El nuevo libro de Peter Burke pasa revista a algunas de las más importantes consecuencias que se han derivado del saber erróneo en los planos político, religioso, bélico o científico en los últimos 500 años

Retrato del autor Peter Burke.Lo peor es no saber que no se sabe

En nuestros días, la ignorancia es la gran ignorada. Aunque tal vez resultara más preciso decir que es la gran malinterpretada. En buena medida, la mala interpretación se deriva de una confusión de base, la que da por descontado que la ignorancia agota su definición en la de ausencia de saber. De esta manera, queda identificada con la negatividad sin más o, si se prefiere, con el completo vacío.

Pero la ignorancia no puede ser reducida al simple y escueto no-saber. De ella cabe predicar su condición de principio activo, capaz de generar sus específicos efectos. Pues bien, es a la descripción, análisis y critica de los más destacados a lo que se dedica el catedrático emérito de Historia Cultural en la Universidad de Cambridge Peter Burke en su estimulante, original y brillante libro Ignorancia. Una historia global. A lo largo de sus páginas, el autor pasa revista a algunas de las más importantes consecuencias que se han derivado de la ignorancia en diversos planos (político, religioso, bélico, científico...) en los últimos 500 años.

En efecto, si la ignorancia se redujera a ausencia de saber, un libro sobre la misma tendría las páginas en blanco, señala el autor con ironía. Pero se conoce que, por parafrasear por enésima vez el célebre dictum aristotélico, también el no-ser (del no-saber) se dice de muchas maneras. De todas ellas, tal vez la menos inquietante, en la medida en que apenas da lugar a malentendidos teóricos, es la que reconoce su condición de conocimiento pendiente. Tal ocurre cuando, pongamos por caso, un astrofísico afirma que ignoramos, por no disponer de los instrumentos adecuados, si existe alguna forma de vida en una galaxia a miles de años luz de la nuestra.

La causa de la condición digamos que inocua de esta variante de ignorancia parece clara: se trata de una ignorancia que reconoce su condición de tal, de una ignorancia —permítasenos la paradójica formulación— autoconsciente. Los problemas surgen cuando determinados discursos o planteamientos que pasan por ser conocimiento verdadero sin serlo objetivamente obturan la posibilidad misma de dicha autoconciencia. En ese sentido, y desde una perspectiva estrictamente epistemológica, cabría sostener que la falsedad es una forma de ignorancia que desconoce su propia condición. A diferencia de la anterior modalidad de ignorancia, en esta el lugar del saber no se ve ocupado por el silencio de la página en blanco sino por el error.

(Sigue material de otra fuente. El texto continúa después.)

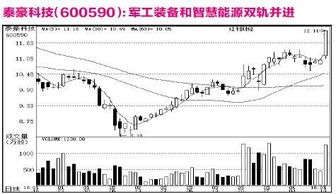 公司研究 互聯網數據服務行業洞察與發展前景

Lejos de ser un matiz sin demasiada importancia, es en la autoconciencia de su propia condición donde se dilucida el signo que va a adoptar la ignorancia. Que, conviene subrayarlo frente a algunos tópicos muy consolidados, no es negativo por principio. Incluso al contario: no hay motor más poderoso ni punto de partida más firme para la búsqueda del conocimiento que la conciencia de ser ignorante (el "solo sé que no sé nada" socrático). De ahí que resulte manifiestamente desacertado calificar como ignorante a alguien por el hecho de que no sepa algo, entre otras razones porque no hay nadie que lo sepa todo y, en consecuencia, todo el mundo sin excepción es ignorante en alguna medida. Lo que de veras define al ignorante en sentido propio y fuerte es otro hecho, el de que no sabe que no sabe.

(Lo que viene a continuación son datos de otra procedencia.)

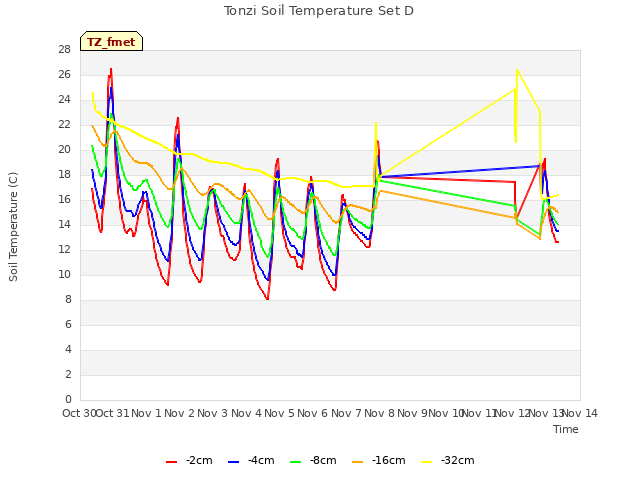 plot of Tonzi Soil Temperature Set D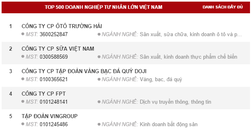 Thaco vượt qua Vinamilk, trở thành doanh nghiệp tư nhân lớn nhất Việt Nam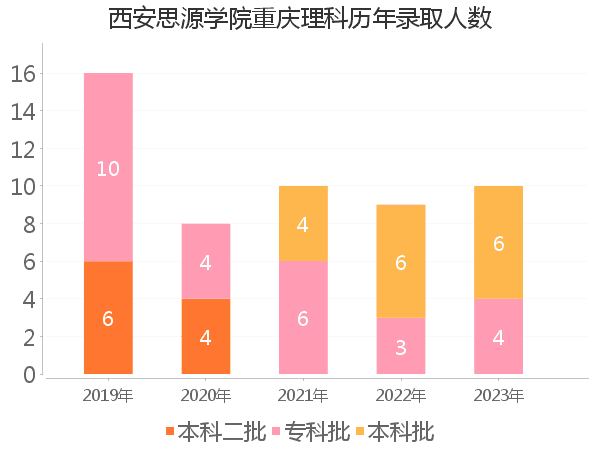 录取人数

Esta otra modalidad de no saber sí da lugar a unos específicos efectos, ciertamente relevantes, como Burke señala con profusión de ejemplos en su libro. Porque, declarando innecesaria la búsqueda del conocimiento con pretensiones de verdad, la ignorancia en tanto saber erróneo cumple la función de ocupar el lugar de aquel. En tiempos como los actuales, de sobreabundancia de unos pseudoconocimientos que nos hacen falsamente autosuficientes, a la peor ignorancia le aguarda un futuro esplendoroso.